Essa regra, implementada a partir do ano de 2006, foi criada diante da preocupação da UEFA com o aumento do poder financeiro de certas equipes, impulsionado principalmente pelo crescimento da arrecadação com os direitos de transmissão, o que poderia afetar o equilíbrio das competições. Até então, a obrigação era de 4 jogadores vindos do setor de base. No ano seguinte, aumentou para 6. Finalmente, na temporada de 2008/2009, se chegou aos moldes atuais.

O caso envolvendo o Royal Amberes FC ficou conhecido como novo ‘Caso Bosman’ – jogador belga que revolucionou a organização e regulamentação do futebol mundial.

Entenda o ‘Caso Bosman’

Em 1990, Bosman tinha 26 anos quando o contrato dele com o Liège chegou ao fim. O clube belga fez uma proposta de renovação, mas com uma redução grande de salário. O jogador não aceitou e tentou ir para o Dunkerque, da França. O negócio não evoluiu porque, mesmo sem contrato em vigor, o Liège exigiu um valor para liberar Bosman, e o clube francês não tinha como pagar.

Bosman ficou preso. Não aceitou a redução imposta pelo clube belga e não conseguiu se transferir para a equipe francesa. Além disso, ele foi suspenso pela federação belga. Para ter liberdade de trabalho, decidiu comprar uma briga judicial gigante, contra todo o sistema associativo do futebol. A luta não era apenas contra a federação belga, mas também contra UEFA e FIFA.

Advogados do atleta entraram com uma ação na Corte Europeia de Justiça, instalada em Luxemburgo, solicitando liberação, tendo como base o Tratado de Roma, que explicitava o direito do trabalhador à livre circulação na Europa. O Tribunal Europeu precisava resolver esta questão: os artigos 48, 85 e 86 do Tratado de Roma de 25 de março de 1957 deveriam ser usados para impedir que um clube de futebol exigisse e recebesse o pagamento de um montante em dinheiro pela contratação, por um novo clube empregador, de um dos seus jogadores cujo contrato tenha chegado a termo?

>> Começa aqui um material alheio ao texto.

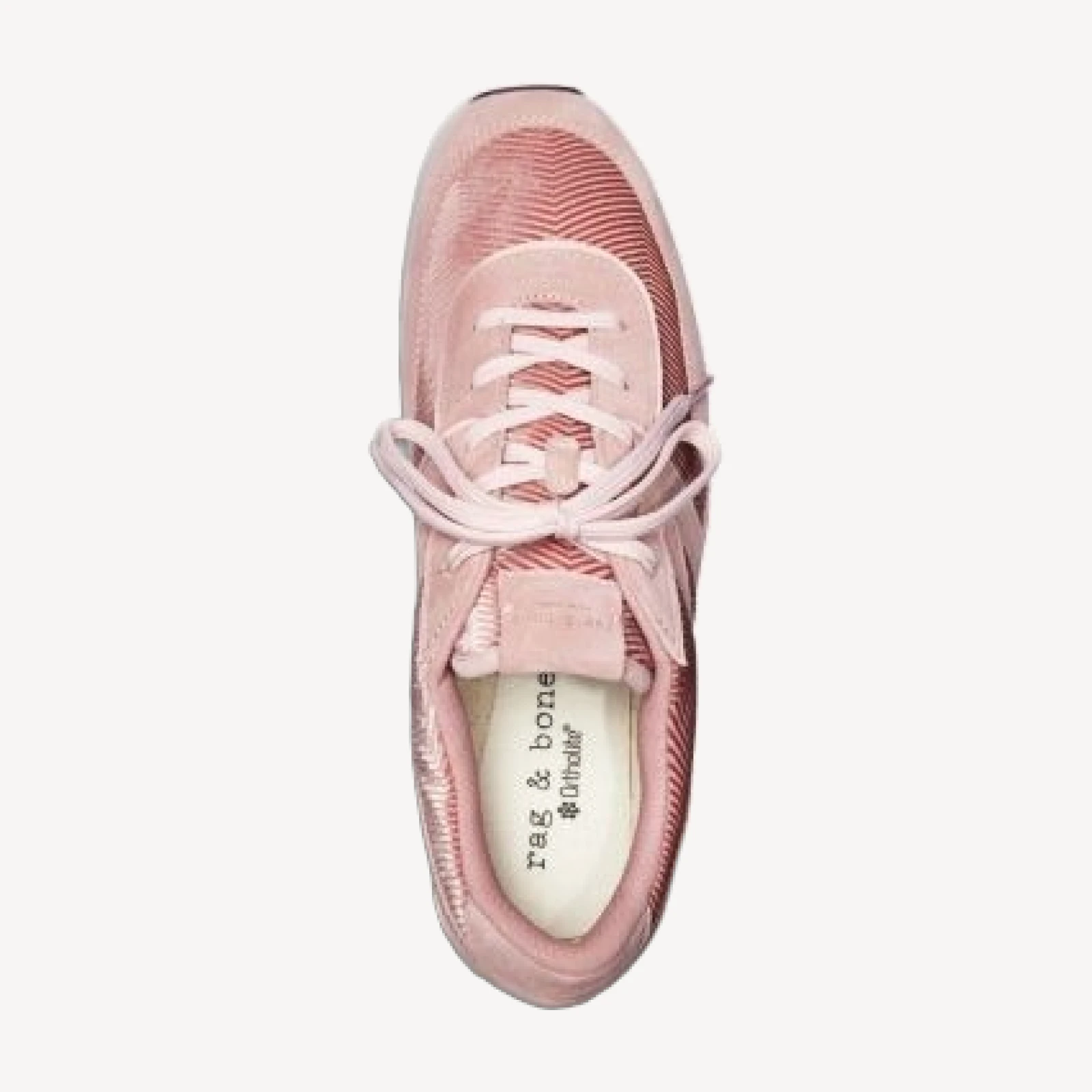 rag & bone Women's Retro Trainer Suede Low Top Sneakers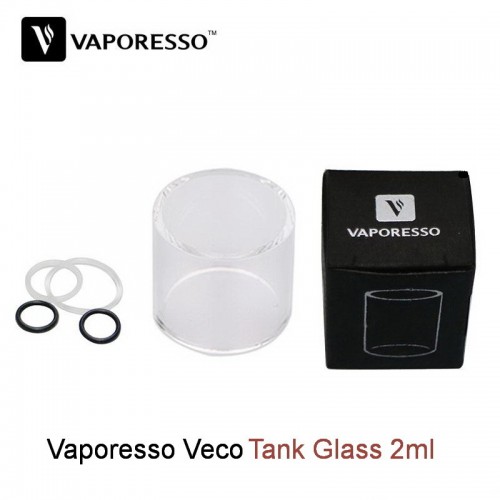 Vaporesso Veco Glass - Ανταλλακτικο Τζαμακι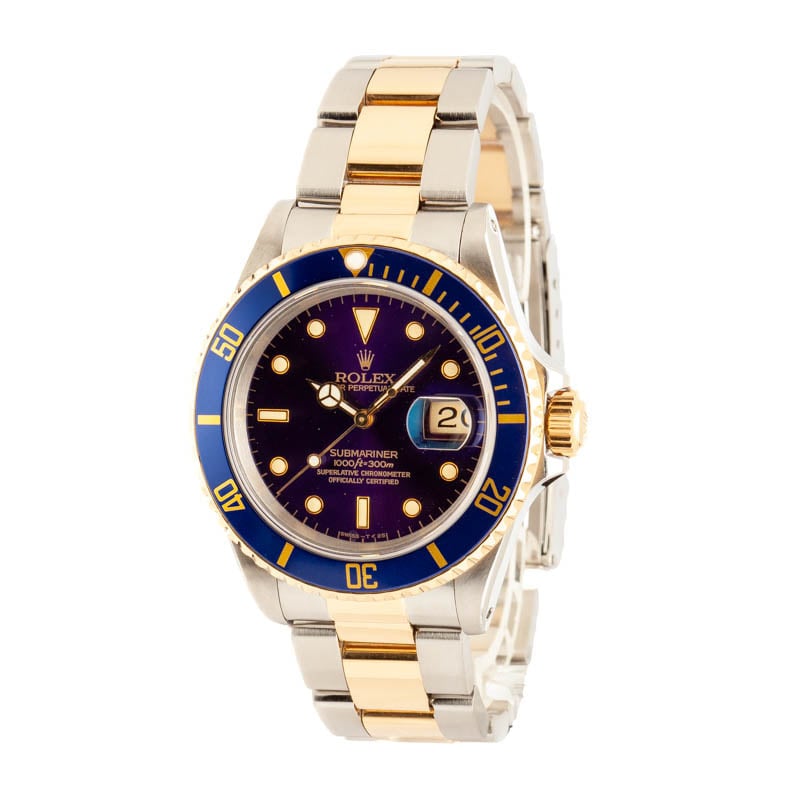 Rolex Submariner 16613 Two Tone Bluesy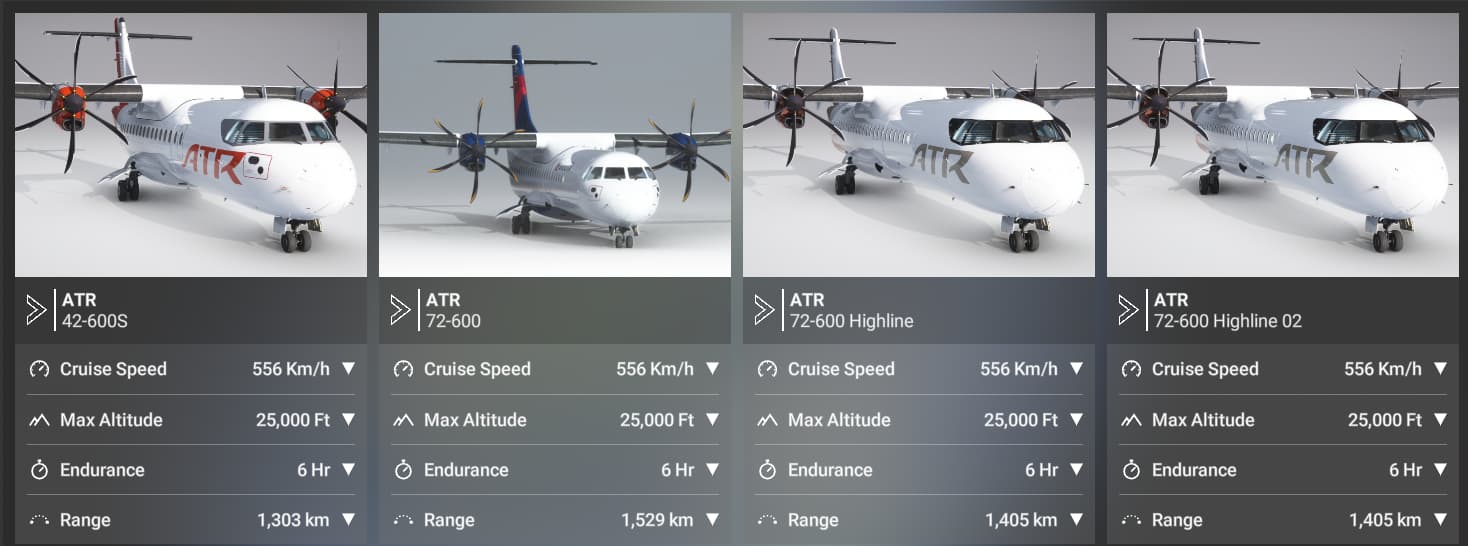 How many versions are there? ATR aircraft - Aircraft & Systems ...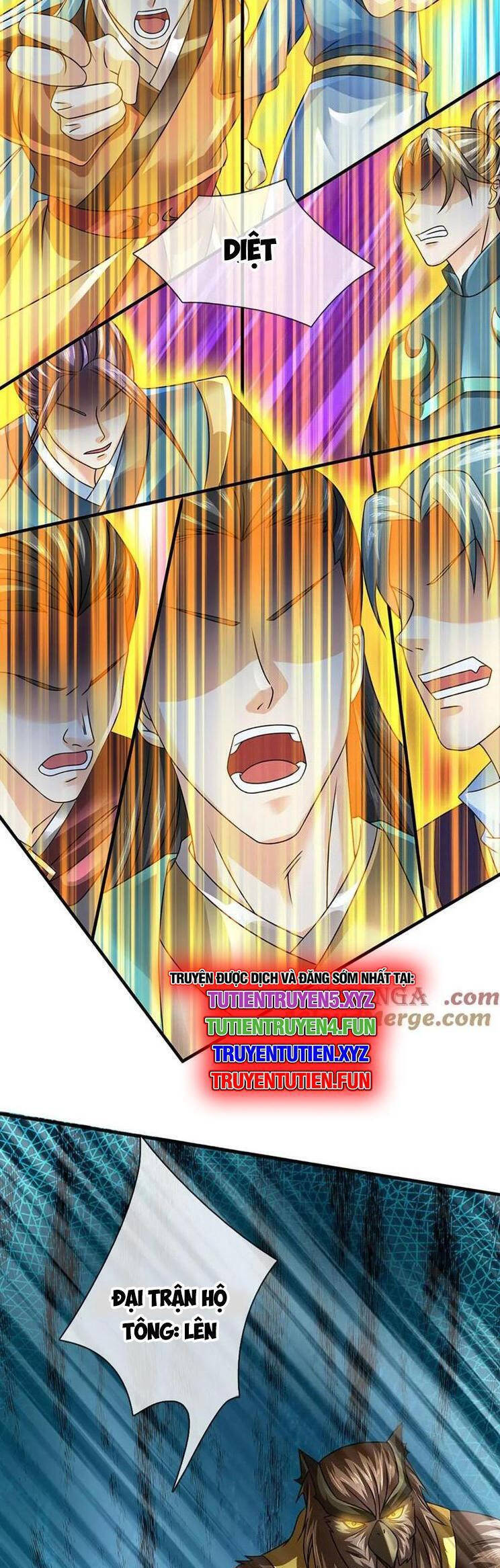 Bắt Đầu Với Chí Tôn Đan Điền Chap 341 - Next Chap 342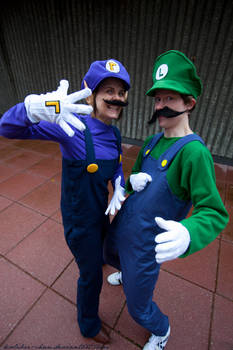 Waluigi Number ONE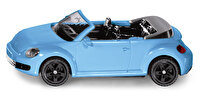 Siku VW The Beetle Convertible Metal Plastik Açık Mavi Oyuncak Araba 1505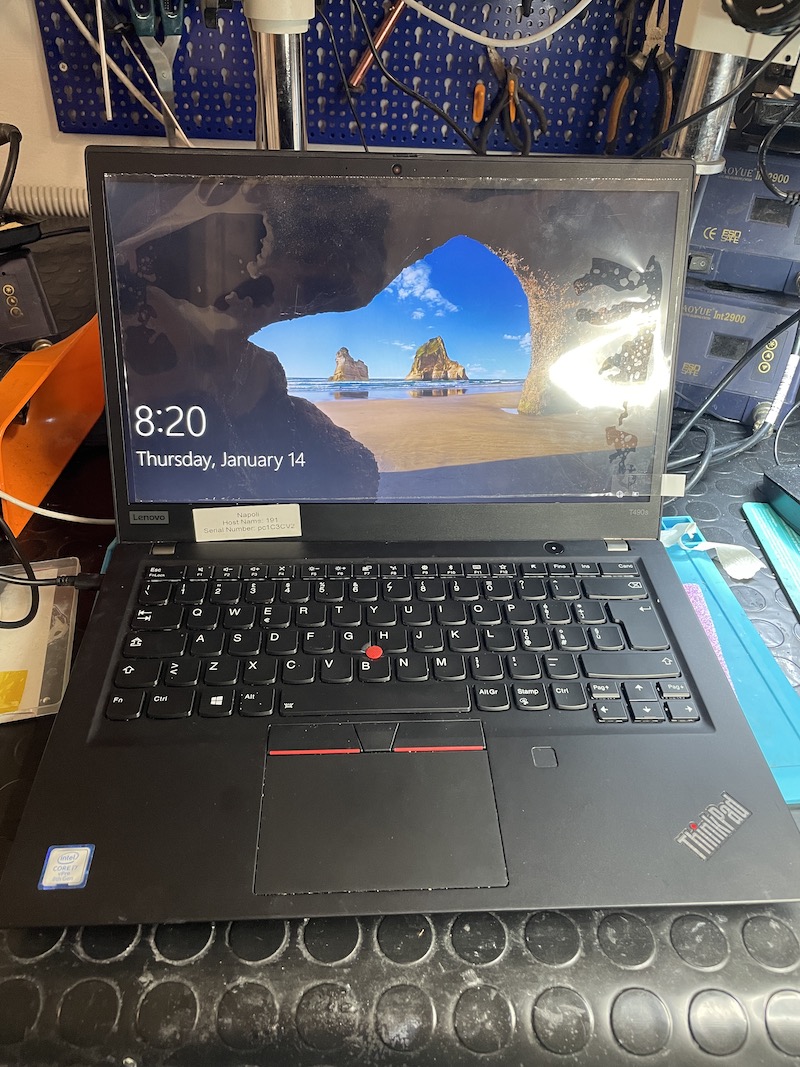 assistenza lenovo bagnoli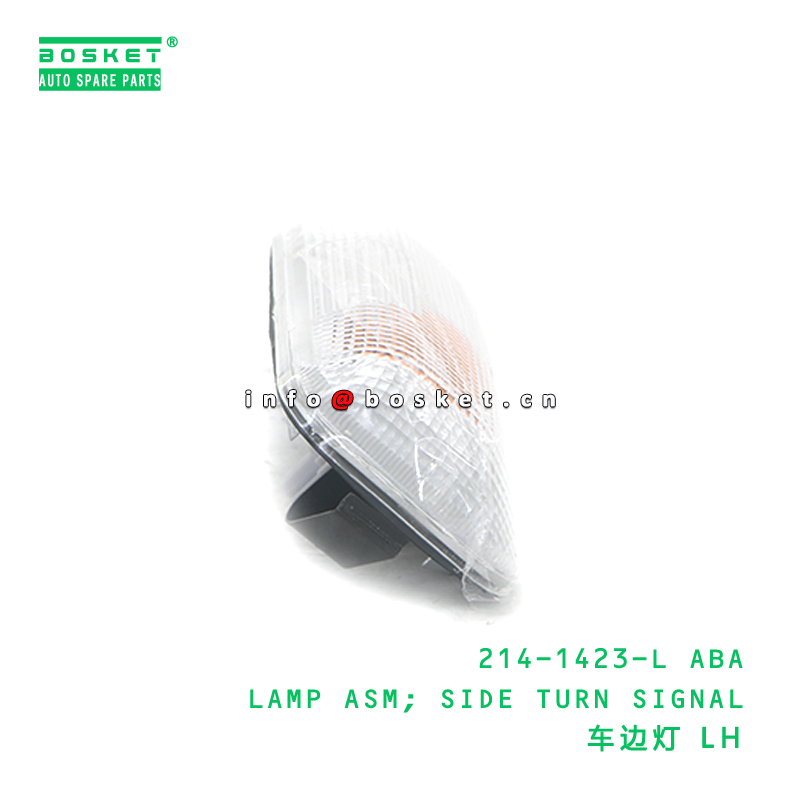 FUSO 214-1423-L ABA Compatible Side Turn Signal Lamp Assembly with 3 Months Warranty 1PCS Pack Quantity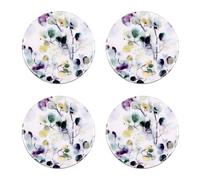 Table Passion - Set de 4 dessous de verre Garden 10 cm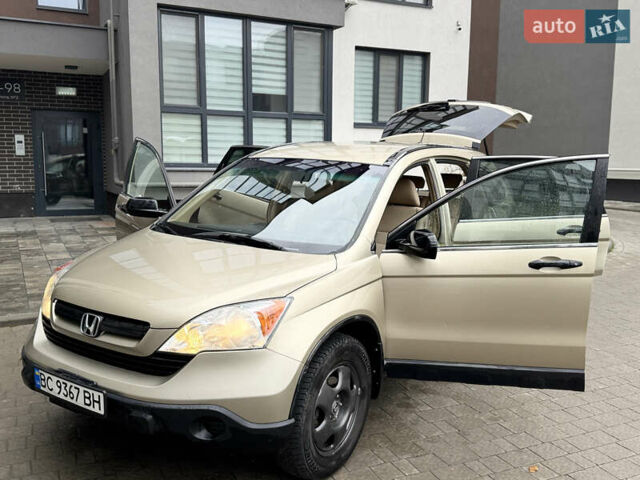 Желтый Хонда СРВ, объемом двигателя 2.4 л и пробегом 297 тыс. км за 8990 $, фото 29 на Automoto.ua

No dia 15 de dezembro de 1995, o Tribunal Europeu aceitou o pedido de Bosman. O Tribunal entendeu que o Tratado de Roma é aplicado ao futebol. Ou seja, a lex publica, nesse entrelaçamento com a lex sportiva, se sobrepôs.

A decisão acabou com uma regra básica das relações entre atletas e agremiações na União Europeia, uma espécie de superação sem fronteiras: terminado o contrato, o jogador estava livre para trabalhar em outro clube. Ou seja, o jogador de futebol passou a ter o direito de circular livremente pela Europa, sem ser mais “mera mercadoria”.

Fora isso, os jogadores de futebol nascidos em países da UE passaram a ter os mesmos direitos de livre circulação laboral de qualquer outro cidadão comunitário – sem “quotas” de nacionalidade ou o pagamento de qualquer verba quando um jogador chegava ao fim do contrato.

O “Caso Bosman” transformou o futebol europeu no primeiro momento, mas continua trazendo consequências para outros países. Três anos depois da decisão, no Brasil foi promulgada a Lei 9.615, a Lei Pelé, que, entre outras coisas, acabou com o “passe” dos jogadores.